Profesjonalista na odległość

Od razu na wstępie pragnę zaznaczyć, że jestem doświadczonym programistą i z takiej też perspektywy przedstawiać będę swoje odczucia odnośnie pracy zdalnej. Wiem, że w innych obszarach, dziedzinach, zawodach, czy nawet z mniejszym seniority wiele (o ile nie wszystkie) moje argumenty mogą nie wydawać się już tak logiczne albo mogą być nawet całkowicie odklejone od rzeczywistości. Poza tym, każdy ma na pewno swój vibe pracy, ja przedstawiam, jak wygląda to z mojej perspektywy.

Przestrzeń

Od zawsze lubiłem ciaśniejsze pomieszczenia i pokoje. Generalnie sam zamysł kawalerki dla osób samotnych wydaje mi się być doskonałym rozwiązaniem. Lubię jak wszystko mam w miarę blisko, gdzieś po ręką. Nie przepadam za znoszeniem rzeczy do piwnicy albo schowka, bo utrudnia to skorzystanie z nich. Jak zatem mógłbym się czuć komfortowo jak przebywam w biurze, gdzie wszystkie moje rzeczy zostały w domu?

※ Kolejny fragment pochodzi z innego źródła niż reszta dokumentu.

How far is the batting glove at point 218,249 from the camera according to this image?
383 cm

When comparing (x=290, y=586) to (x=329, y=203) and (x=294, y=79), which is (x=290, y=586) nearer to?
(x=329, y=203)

Wiadomo, w pracy człowiek jest w pracy, więc większość rzeczy mu nie jest potrzebna. Szczególnie w takiej pracy jak moja, gdzie teoretycznie wystarczy sam komputer. Czasem lubię jednak przestawić sobie na biurku, wymienić klawiaturę, czy coś w tym stylu. Zaraz brakuje jakiegoś kabla, ładowarki, albo akurat dziś myszka została w domu… Wiem, wiem, że to takie wymyślanie, ale każdy ma swoje przyzwyczajenia w pracy i na swój sposób ją sobie urozmaica.

Swoboda

Pomijając już kwestie związane stricte z pracą, podczas zdalnej możemy się czasem oderwać i wykonać jakąś małą czynność domową. To może być wrzucenie prania do pralki, nastawienie zmywarki, czy odebranie paczki. Wszystko to pozwala zaoszczędzić masę czasu po pracy, a w ciągu dnia kosztuje to zaledwie kilka minut. I to minut, które normalnie w pracy przestalibyśmy na przykład przy ekspresie do kawy.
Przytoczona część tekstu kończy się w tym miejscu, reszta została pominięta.